Whitehead has travelled widely and read deeply, deftly managing an abundance of primary sources including a swathe of official records and numerous diaries and letters written by Napoleon and his associates – many of which could only be read in French. She shows considerable skill in managing a cast of characters who were intent upon confuddling the authorities with their intrigues. She also does a fine job of demonstrating how the exalted cult of Napoleon existed in stark contrast to the conditions he experienced on St Helena, where rats were said to infest his bedroom, and both his mattress and his poultry were considered ‘impossibly thin’.

Whitehead also recounts her own adventures as an intrepid history detective who travelled to St Helena, Madras in India, Paris and Saint-Omer in France, as well as Scotland, Sussex and ‘bleak Dartmoor’. In St Helena, Whitehead found Napoleon’s grave empty and much of Betsy’s childhood home greatly changed or stiffly memorialised. Nonetheless, by tracing the towns and streets once inhabited by the Balcombes, the author provides us with a potent sense of the residue of the nineteenth-century British world and how it continues to exert a presence even now.

The English publication of Whitehead’s book bears a title that points to one of the methodological challenges associated with retrieving women from the archive. The Emperor’s Shadow reminds us that historical sources are such that a woman’s story is often garnered from the well-documented men in her life.
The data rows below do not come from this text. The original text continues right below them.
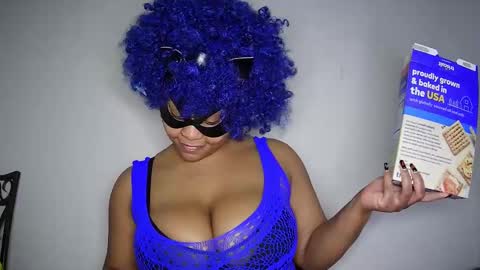 Snapshot of blacksirenqueen chatting on 02-12-25, 07:02 Queen Siren online show from 02-12-25, 07:02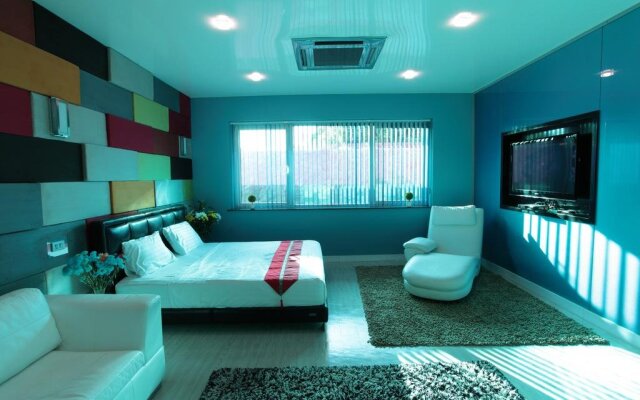 Pratumnak Dream Villa by Pattaya Sunny Rentals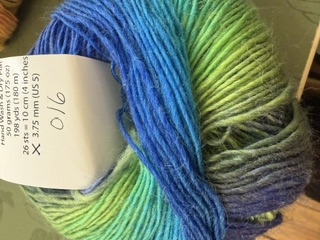 Acacia Vivid Colors Yarn 016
It is, therefore, easy for women to be overshadowed by their better-known male counterparts. Even when a woman has left letters and diaries – or a memoir as Betsy did – these are likely to have been so carefully fashioned that they conceal as much as they reveal. Those determined to adhere strictly to historical method can find their ability to develop character and progress the plot hampered by such limitations, and all too often they must resort to caveats and qualifications that then obscure the central characters and clog up the narrative pace.

In his comparison of Whitehead’s careful historical study and Thomas Keneally’s recent novel on the same topic, Philip Dwyer makes a similar point – observing how Keneally’s fictional rendering allows for the unfurling of Betsy’s personality in a way that Whitehead, the careful historian, could not.Footnote1 Clearly, Betsy had a scintillating personality and was adept at charming and disarming those she met, but while we hear much about this in Whitehead’s book, we rarely encounter the flesh and blood Betsy ourselves. The ‘Interesting Mrs Abell’ remains at one remove in a way that is indicative, I think, of how historical method can rob female historical figures of their depth and dimension. This is no fault of Anne Whitehead who has done an admirable job in retrieving and collating these extensive sources into a story, but it does suggest that there is scope for greater creativity when it comes to female biography.

Notes

1 Philip Dwyer, ‘Napoleon on St Helena Review: Anne Whitehead’s History and Tom Keneally’s Novel,’ Sydney Morning Herald, 9 November 2015.